In connection with the vote in Montenegro’s parliament on April 28 approving accession to NATO, Russia’s Foreign Ministry said Monday, “it is with deep regret that we must acknowledge that the country’s current leadership and its Western sponsors ultimately failed to heed the voice of reason and conscience.”
The will of almost half of the country’s population, who oppose such NATO-oriented foreign policy priorities, was ignored, the Russian Foreign Ministry said in a statement.
According to the Russian Foreign Ministry, “The adoption of fundamental acts, affecting core issues of national security, with a bare majority of individual MPs cobbled together in defiance of the opinion of the people of the country openly flouts all democratic norms and principles.”
Montenegro’s 81-member Parliament voted 46-0 to join NATO, however, pro-Russian members boycotted the vote.
- Related Article: Tillerson Urges US Senators To Approve Montenegro’s NATO Membership
In a statement, the Russian Foreign Ministry said that, those who voted in to support NATO accession, citing the alleged Russian threat as a pretext, “will bear responsibility for the consequences of plans implemented by external forces seeking to deepen the existing dividing lines in Europe and the Balkans and fracture the foundations of the deep-rooted historical traditions of friendship of the Montenegrins with the Serbs and the Russians.”
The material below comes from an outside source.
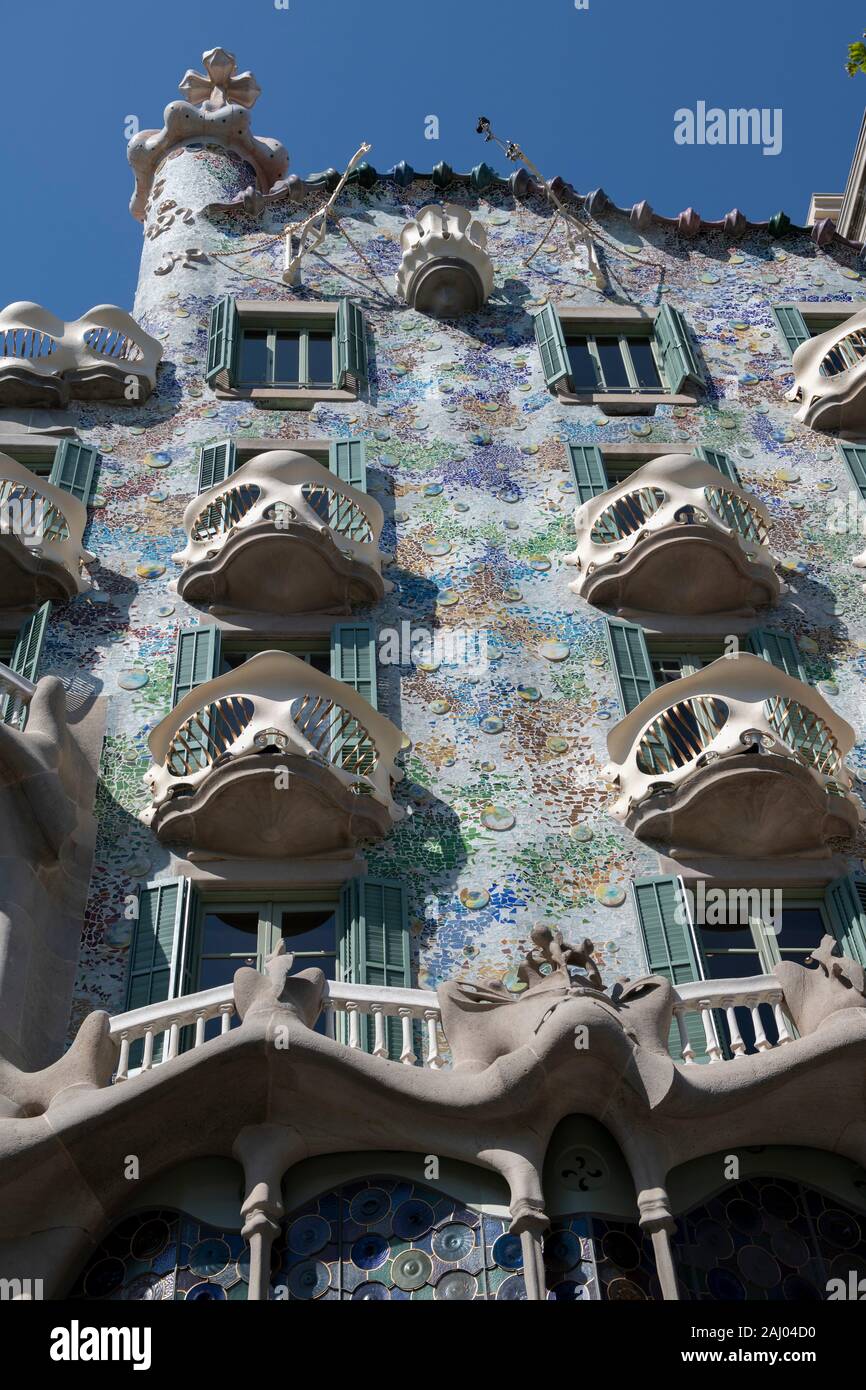 Il balcone di ogni camera di Casa Batlló dall architetto Antoni Gaudi, Sito  Patrimonio Mondiale dell'UNESCO, Passeig de GrÃ cia, Illa de la Discòrdia,  Eixample di Barcellona Foto stock - Alamy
According to the Russian Foreign Ministry, “The shameful episodes of NATO’s illegal bombing of Yugoslavia, which caused casualties among Montenegrins as well, including children, were hypocritically interpreted in such a way as to suggest that Serbia was to blame because it confronted the alliance.”
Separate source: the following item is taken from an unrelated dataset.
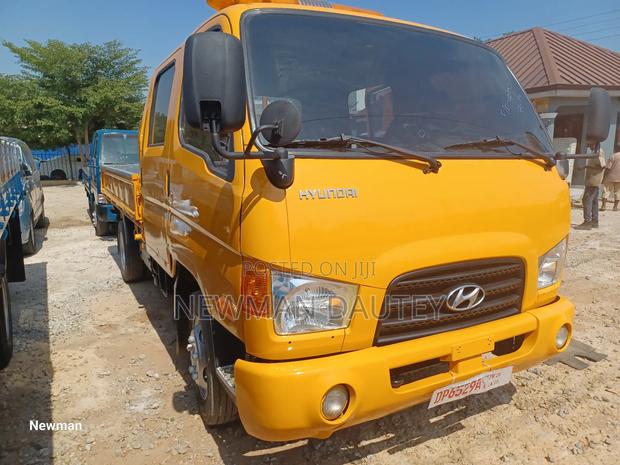 Hyundai Mighty Double Cabin Yellow · Photo 5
- Related Article: Montenegro Opposition Asks Bannon To Block NATO Accession
The Russian Foreign Ministry said that even though there are doubts that Montenegro can add any significant “added value” to the North Atlantic alliance, Moscow cannot disregard the strategic consequences of this move.
“Therefore, faced with this situation, we reserve the right to take decisions to safeguard our interests and national security,” the Russian Foreign Ministry said.